A: I wrote a little blog post about it some time ago. I think it's not only "innovation" but other terms that get thrown around, and they mean nothing because they mean anything or everything. It's all in the eye of the beholder. So, if you're an agency in government or a big company or whatever and you're still using typewriters, then implementing Microsoft Word is going to feel like an innovation, because you're equating the word "innovation" with progress. You think you're innovating, but you're just implementing – you're implementing something that has been there for a minute, you're just maybe late to the game.

And then you have what I call iteration, which is when you were at the implementation phase, but now you're thinking creatively about how to use it differently – and so you think you're innovating, but you're really not, you're iterating. You're taking something that's existing, tweaking it a little bit or changing your business processes to be improved by the use of technology.

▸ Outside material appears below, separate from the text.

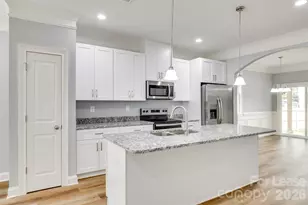 500 Dawn Cir, Charlotte, NC 28213 - Photo 4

Again, in that moment, it feels like progress that we inappropriately call innovation.

And then there's the last category, which I think is the breakthrough, the disruptions – the stuff that really has the 10x kind of impact on things and people outside of your organization. They are are more than just business-process improvements, they are fundamental shifts in paradigm. In the current moment, that's things like blockchain, A.I. – not Bitcoin, Bitcoin is an iteration on the disruption. It's a function that has a really strong, obvious use-case, but the real disruption is the underlying technology.

And so the reason that I did that early on and I broke it down into those three buckets, the whole point was to set up that NYCx was intentionally going to be focused on that last one of the three. Because there's people truthfully everywhere in the organization that should be actively doing the other two. … If you're not careful, if you lump it all together, then every time you go into a conversation about innovation, the oxygen in the room gets sucked in that direction, to the things that are easier to understand, easier to measure, less risky. And I wanted to intentionally carve out this space where we could allow ourselves to engage with those high-impact, 10x potential disruptions to make sure that we didn't miss an opportunity to take advantage of that.